Higher output of non-alcoholic beverages was the main factor in the increase of the capacity utilization rate for the beverage and tobacco products manufacturing industry, which rose to 74.8%.
Capacity use decreased in the majority of industries, particularly the printing and related support activities, food and paper industries. The printing and related support activities industry operated at 72.5% of its capacity, down 3.0 percentage points.
The food manufacturing industry operated at 77.6% of its capacity, down 0.6 percentage points. The main reason for the decline was lower production in the seafood product preparation and packaging sector.
Lower output in the converted paper product manufacturing industry reduced the capacity utilization rate in the paper manufacturing industry from 84.6% in the second quarter to 83.5% in the third quarter.
Non-manufacturing industries: Improvement in the electric power generation, transmission and distribution industry
As was the case in the manufacturing industries as a whole, capacity utilization was unchanged in the non-manufacturing sector.

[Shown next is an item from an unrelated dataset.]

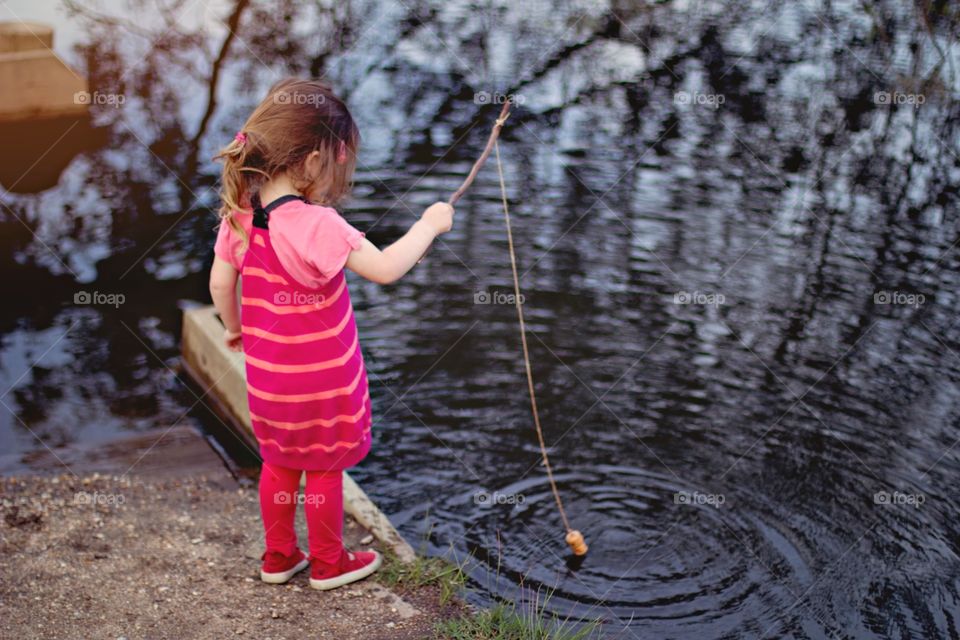 Kid Fishing morning springtime. Little girl enjoying the morning spring time fishing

There were declines in mining and oil and gas extraction and in forestry and logging. Those decreases were offset by gains in the electric power generation, transmission and distribution industry and the construction industry.
Higher demand for electricity was responsible for the increase in the electric power generation, transmission and distribution industry’s capacity use, which rose 1.4 percentage points to 83.9%. The advance came after a decline that began in the third quarter of 2011.
The construction industry remained on an upward trend, as its capacity utilization rate increased from 80.4% in the second quarter to 80.7% in the third quarter. The gain resulted from an increase in residential construction, which was partly counteracted by a decline in non-residential construction.
Capacity use was down in the oil and gas extraction industry, falling from 87.8% in the second quarter to 87.1% in the third quarter. The decline was a result of a decrease in crude oil production, which more than offset the advance in natural gas extraction.
A decrease in metallic and non-metallic mineral extraction more than offset a rise in coal extraction, which lowered capacity utilization in the mining and quarrying industry by 2.6 percentage points. As a result, the industry’s capacity utilization rate fell to 58.7%.
Note to readers
The industrial capacity utilization rate is the ratio of an industry’s actual output to its estimated potential output. For most industries, the annual estimates are obtained from the Capital and Repair Expenditures Survey while the quarterly pattern is derived from output-to-capital ratio series, the output being the real gross domestic product at basic prices, seasonally adjusted, by industry.
This program covers all manufacturing and selected non- manufacturing industries.
At the time of this release, rates have been revised back to the first quarter of 2009 to reflect updated source data.